Below are some records; quote exactly the lines from the one that contains "Gem Peace Sign Cheater Plug" through the one that contains "Atardeceres Mágicos", inclusive, and no others.

Dataset -
━━━━━━━━━━━━━━━━━━━━━━━━━━━━━━

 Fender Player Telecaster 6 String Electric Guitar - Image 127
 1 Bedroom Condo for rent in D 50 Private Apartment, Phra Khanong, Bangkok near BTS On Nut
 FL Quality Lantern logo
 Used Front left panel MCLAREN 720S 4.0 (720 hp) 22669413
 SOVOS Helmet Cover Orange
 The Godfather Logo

━━━━━━━━━━━━━━━━━━━━━━━━━━━━━━

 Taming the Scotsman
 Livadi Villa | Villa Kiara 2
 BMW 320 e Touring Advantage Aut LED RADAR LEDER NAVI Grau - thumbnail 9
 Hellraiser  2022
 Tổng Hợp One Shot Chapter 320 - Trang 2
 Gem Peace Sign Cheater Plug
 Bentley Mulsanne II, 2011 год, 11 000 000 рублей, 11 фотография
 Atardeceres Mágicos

━━━━━━━━━━━━━━━━━━━━━━━━━━━━━━

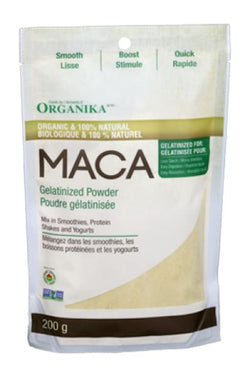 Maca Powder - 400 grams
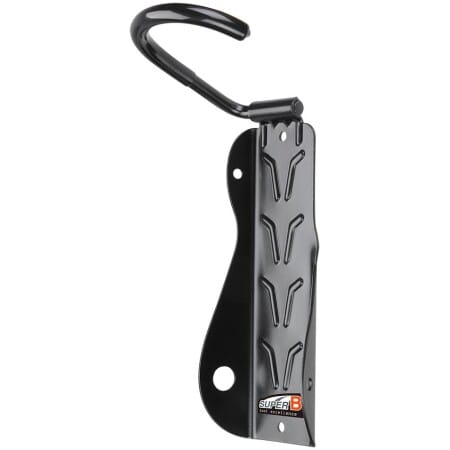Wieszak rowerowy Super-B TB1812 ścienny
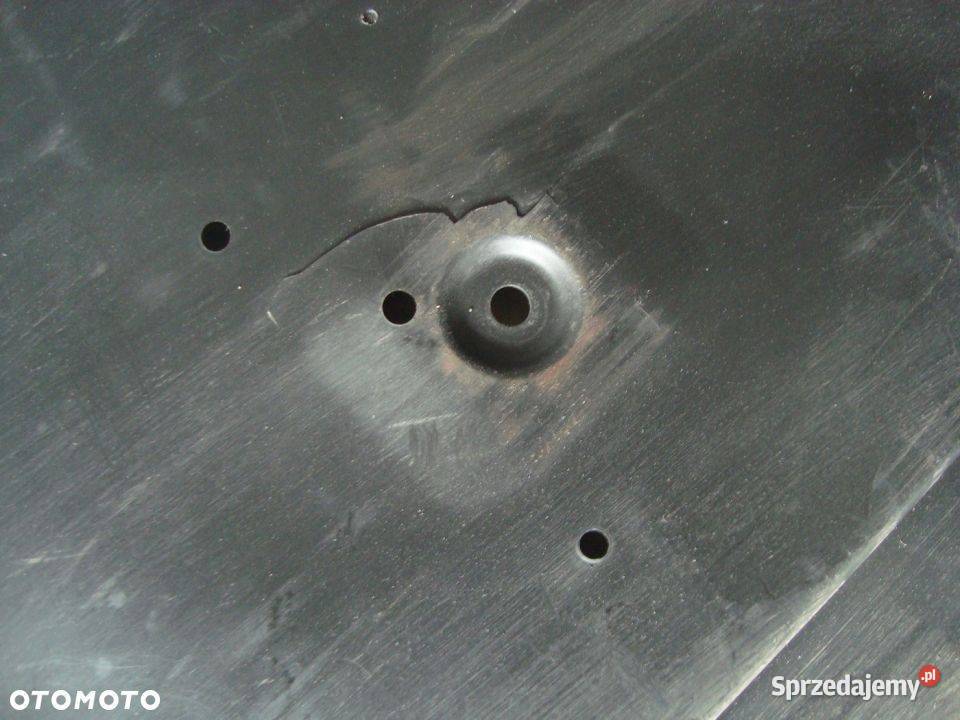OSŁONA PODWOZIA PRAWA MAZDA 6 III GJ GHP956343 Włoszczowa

━━━━━━━━━━━━━━━━━━━━━━━━━━━━━━

Your solution -
 Gem Peace Sign Cheater Plug
 Bentley Mulsanne II, 2011 год, 11 000 000 рублей, 11 фотография
 Atardeceres Mágicos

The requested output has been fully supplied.